YEAH!!!
Beck, 24/7!!!!
The possibility that Glenn Beck will exit the Fox News Channel at the end of the year has prompted a big question in media circles: if he leaves, how will he bring his considerable audience with him?
Two of the options Mr. Beck has contemplated, according to people who have spoken about it with him, are a partial or wholesale takeover of a cable channel, or an expansion of his subscription video service on the Web.
Reports this week that Joel Cheatwood, a senior Fox News executive, would soon join Mr. Beck’s growing media company, Mercury Radio Arts, were the latest indication that Mr. Beck intended to leave Fox, a unit of the News Corporation, when his contract expired at the end of this year.
Notably, Mr. Beck’s company has been staffing up — making Web shows, some of which have little or nothing to do with Mr. Beck, and charging a monthly subscription for access to the shows.
Were Mr.
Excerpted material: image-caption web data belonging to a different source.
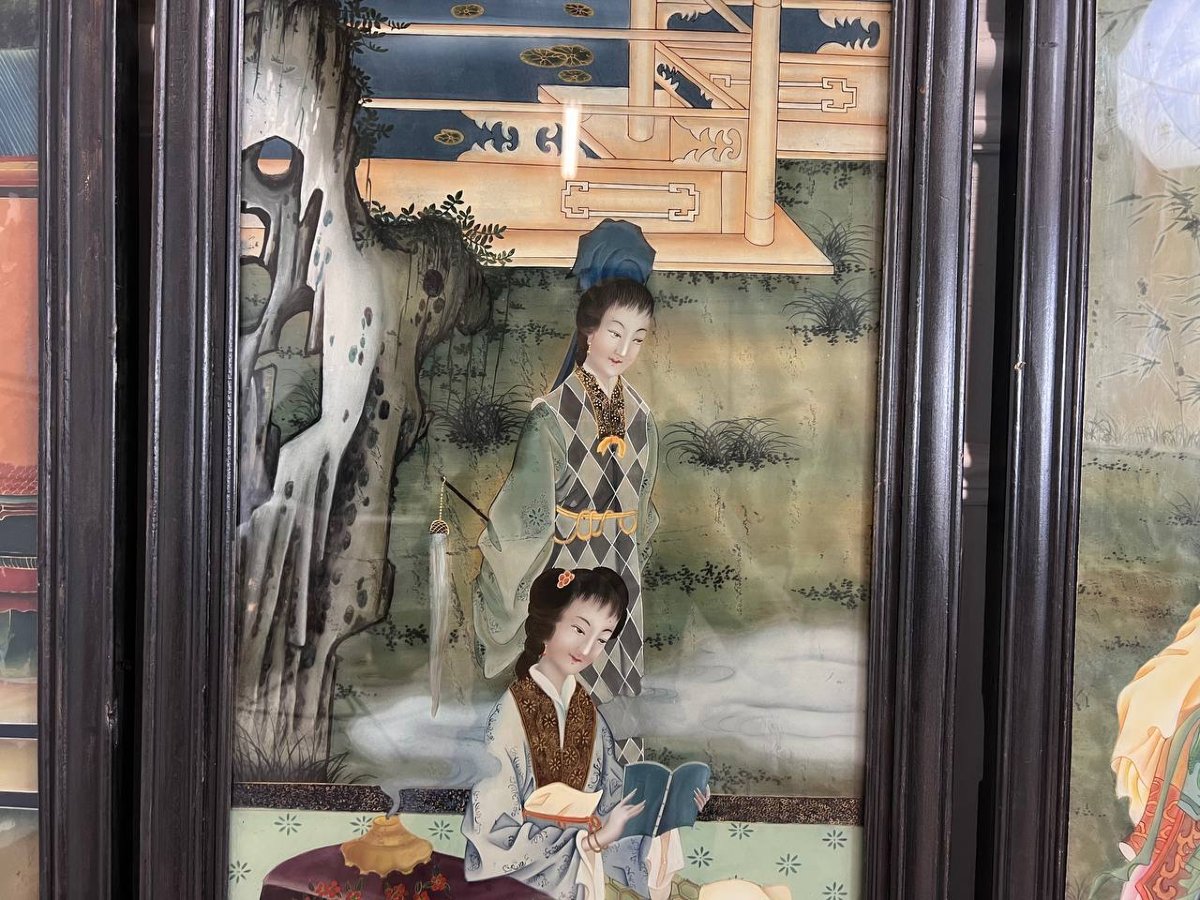 Screen Or Wall Panels, Paintings Fixed Under Glass China, Qing Dynasty, Late 19th Century-photo-1
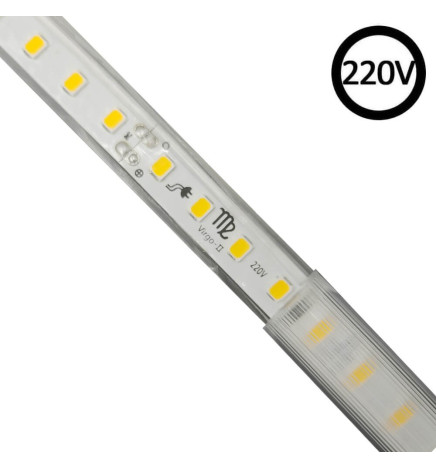 Striscia LED 220V | TAGLIO PERSONALIZZATO | 120LED/m | 50m | SMD 2835 | 800Lm | 8W/M | CRI90 | IP65| Taglia 50cm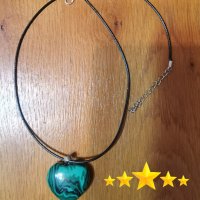 Красива модна минерална висулка с форма на сърце от зелен минерал малахит колие за мъже и жени бижут, снимка 14 - Колиета, медальони, синджири - 38327454
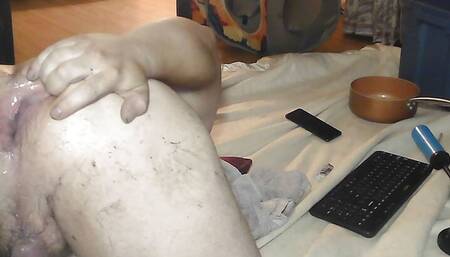 3 inch buttplug with huge gape and lots of farting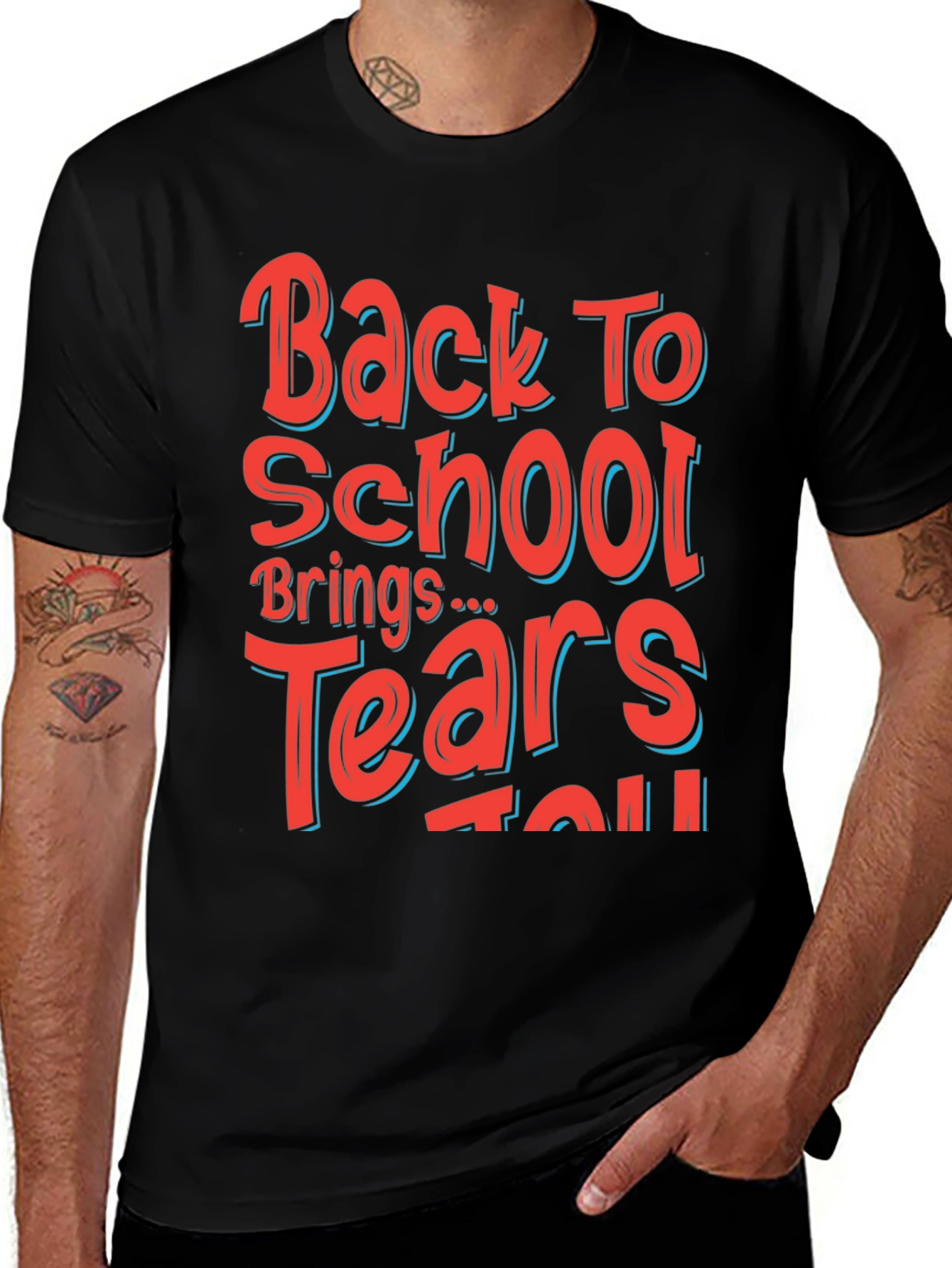 Back to School Graphic Tee - Mens Black T-Shirt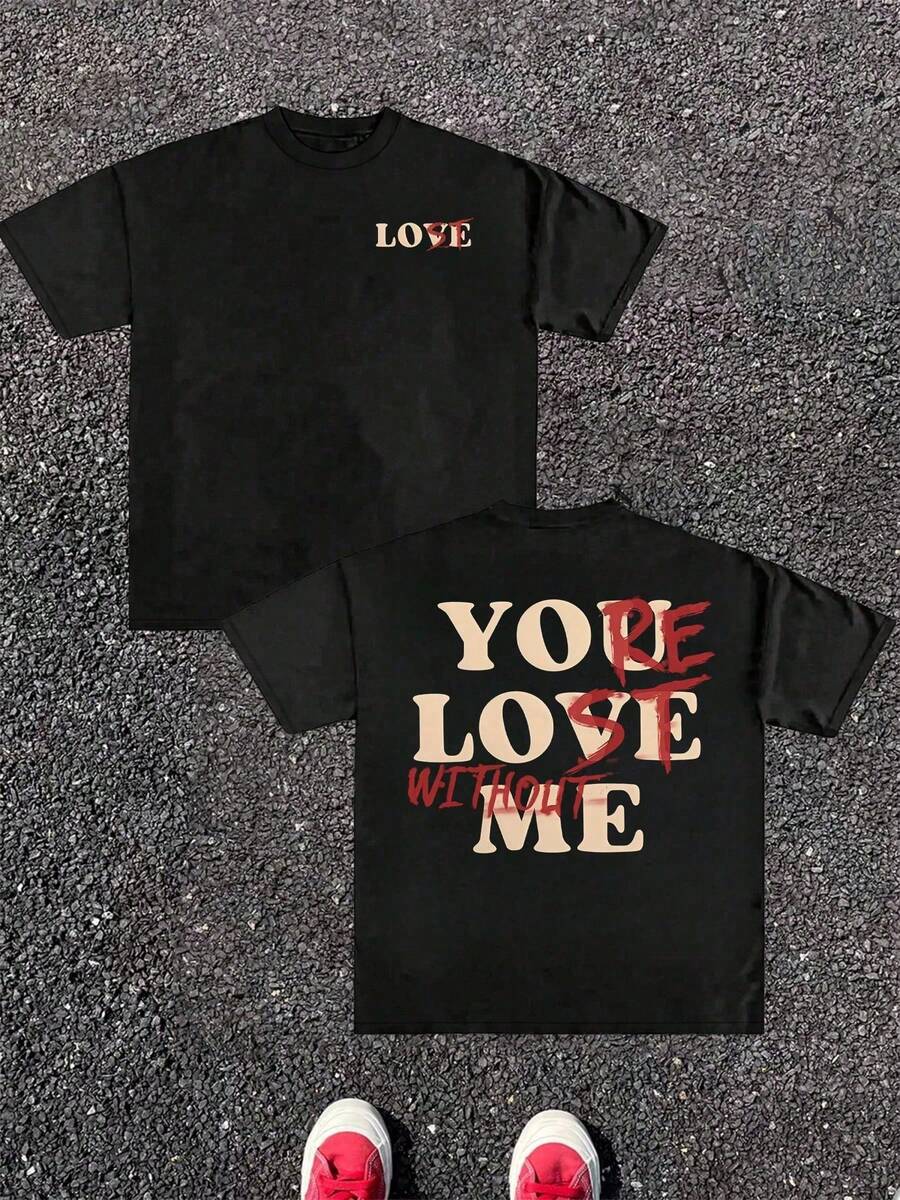 1 pièce T-shirt graphique pour homme 100% coton avec citation d'amour, streetwear, graphique double face, vêtements pour homme, typographie romantique, t-shirt imprimé numériquement, cadeaux pour - Noir - Voir 1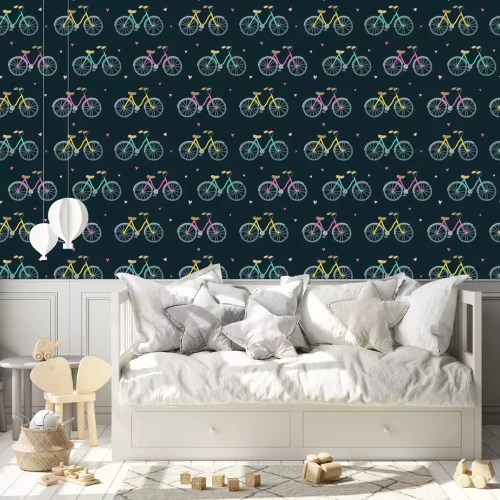 Behang Seamless pattern with funny bicycles. Vector background with bikes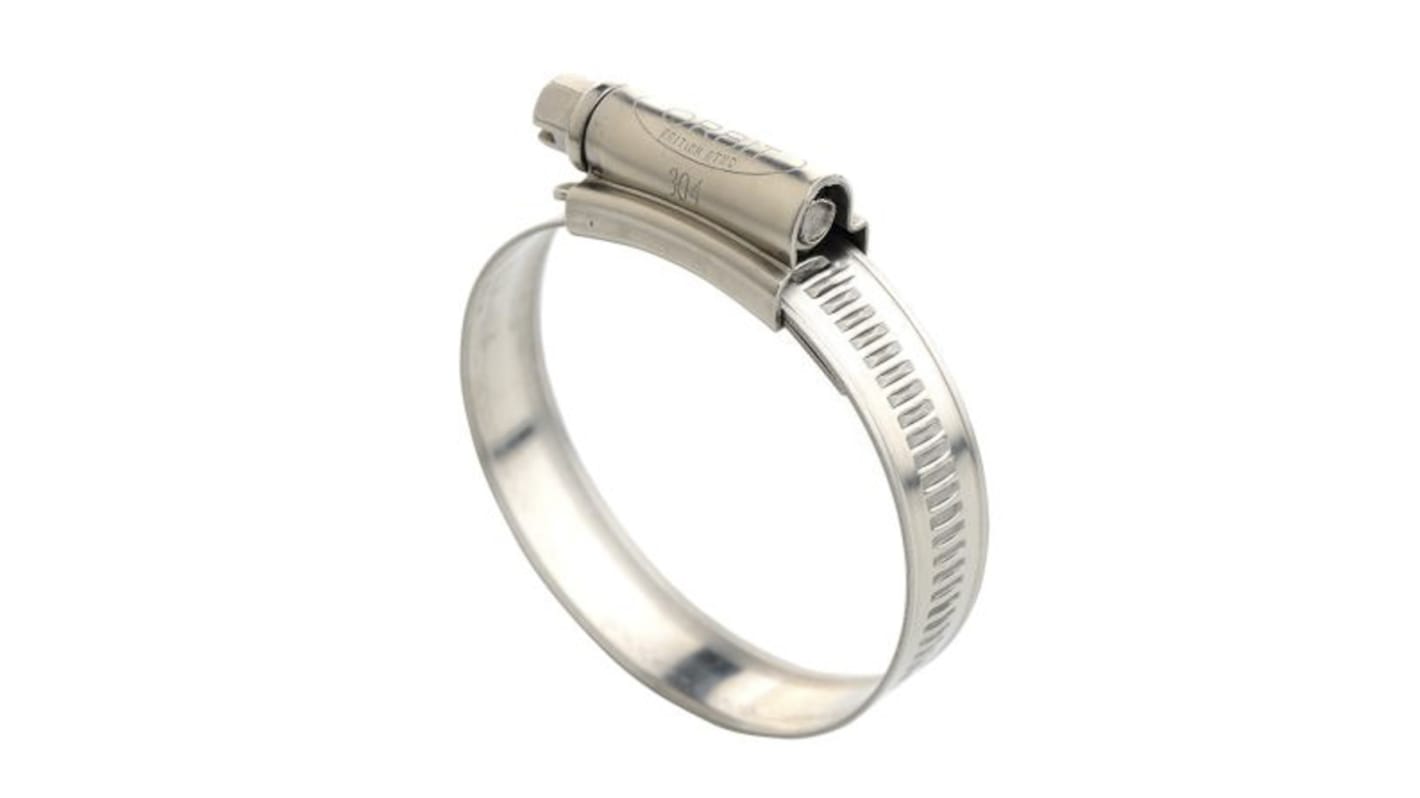 RS PRO Stainless Steel 316 Slotted Hex Hose Clip, 14.7mm Band Width, 70 → 90mm ID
Beck to set off on his own, it would be a landmark moment for the media industry, reflecting a shift in the balance of power between media institutions and the personal brands of people they employ.
Mr. Beck, a conservative who often comes under criticism for his attacks on progressives and apocalyptic predictions, hosts a syndicated radio show in the morning and a Fox News show in the afternoon.
He has a “passionate media brand with a clear point of view,” said Larry Kramer, a media consultant and the author of “C-Scape: Conquer the Forces Changing Business Today.” Mr. Kramer compared Mr. Beck to Arianna Huffington and Howard Stern, two people who have spun their personalities into media empires.
It is possible that Mr. Beck and Fox could agree to a new contract. But his relationship with the channel has been fraught from its earliest days in 2009, and lately both sides have been anonymously sniping at the other.